Model-Predictive Path Integral Control

Implements Model-Predictive Path Integral Control, a stochastic sampling based model predictive control method. For further information, see the following papers:

struct MPPI{DT<:AbstractFloat, nu, Covar<:AbstractArray{DT<:AbstractFloat,2}, Value, Env, Init, Obs, State}
MPPI{DT<:AbstractFloat}(args...; kwargs...) -> MPPI
MPPI(args...; kwargs...) -> MPPI

Construct an instance of MPPI with args and kwargs, where DT <: AbstractFloat is the element type used for pre-allocated buffers, which defaults to Float32.

In the following explanation of the MPPI constructor, we use the following notation:

  • U::Matrix: the canonical control vector $(u_{1}, u_{2}, \dots, u_{H})$, where size(U) == (length(actionspace(env)), H).


  • env_tconstructor: a function with signature env_tconstructor(n) that returns n instances of T, where T <: AbstractEnvironment.
  • H::Integer: Length of sampled trajectories.
  • K::Integer: Number of trajectories to sample.
  • covar::AbstractMatrix: The covariance matrix for the Normal distribution from which control pertubations are sampled from.
  • gamma::Real: Reward discount, applied as gamma^(t - 1) * reward[t].
  • lambda::Real: Temperature parameter for the exponential reweighting of sampled trajectories.

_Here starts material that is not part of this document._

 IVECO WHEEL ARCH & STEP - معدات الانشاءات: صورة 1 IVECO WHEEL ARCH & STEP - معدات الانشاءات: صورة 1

In the limit that lambda approaches 0, U is set to the highest reward trajectory. Conversely, as lambda approaches infinity, U is computed as the unweighted-average of the samples trajectories.
  • value: a function mapping observations to scalar rewards, with the signature value(obs::AbstractVector) --> reward::Real
  • initfn!: A function with the signature initfn!(U::Matrix) used for re-initializing U after shifting it. Defaults to setting the last element of U to 0.
getaction!(action, state, m; nthreads)

Starting from the environment's state, perform one step of the MPPI algorithm and store the resulting action in action. The trajectory sampling portion of MPPI is done in parallel using nthreads threads.

reset!(m::LyceumAI.MPPI) -> LyceumAI.MPPI

Resets the canonical control vector to zeros.